Although the Tulane and LSU baseball teams appear to be on the same plane for the first time in nearly 10 years, the coaches are taking a different approach to Tuesday night’s meeting at sold-out Turchin Stadium.

The Green Wave’s David Pierce will leave in starting pitcher J.P. France as long as he is effective. France (3-1, 3.98 ERA) shut out the Tigers for six innings in a 7-1 victory at Alex Box Stadium on March 29 and has pitched into at least the sixth inning in four of his seven starts, including another scoreless stint last Tuesday against Southern Miss.

“He’s getting better every week, and it’s not just the result, it’s his stuff,” Pierce said. “You can see his confidence. As far as mentality, he’s as good as anybody we have to go out in that environment (Tuesday) night.”
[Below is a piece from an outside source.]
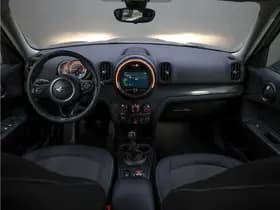 MINI Countryman 1.5 Cooper Business Edition thumbnail 6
LSU’s Paul Mainieri may let Doug Norman (1-0, 3.26 ERA) pitch longer than his normal plan, but with clear strings attached, because he wants him to be available for the Tigers’ series at Ole Miss that starts Thursday. No LSU pitcher has gone more than four innings in a midweek game this year. The Tigers have rolled out an average of more than seven pitchers in their 10 midweek games, including nine against Tulane. Norman, a sophomore righty, went two perfect innings in his only other start: Wednesday’s 11-4 win against Southeastern Louisiana. His other 14 appearances have been in relief.

“I’d like to see him go three to five innings or something like that,” Mainieri said. “We’ll have to keep an eye on his pitch count. Hopefully he’ll be pitching well enough to still be pitching at that point.”

Either way, the atmosphere will be electric. Tulane (26-13), which announced the sellout Thursday, is trying to sweep LSU (27-13) for the first time since 2007. The Wave went 4-0 last week, jumping as high as No. 20 in the rankings (Baseball America, Perfect Game).

“I can’t wait,” Pierce said. “I think it’s going to be so much fun for both teams. It’s going to be great for the city of New Orleans and for baseball fans of both teams. We truly have an opportunity to go in and give LSU a tough ballgame. I just see the atmosphere of the mid-2000s will be regained a little bit.”

The Tigers, who salvaged the final game of a home series against Mississippi State over the weekend, are ranked as high as eighth by Baseball America and as low as 15th by Collegiate Baseball. Mainieri said the team “purged” its loss against the Green Wave — in which, the coach said, his team’s walk-filled, error-strewn first two innings were among the worst of his tenure — but would rehash the game tape Monday night and Tuesday morning.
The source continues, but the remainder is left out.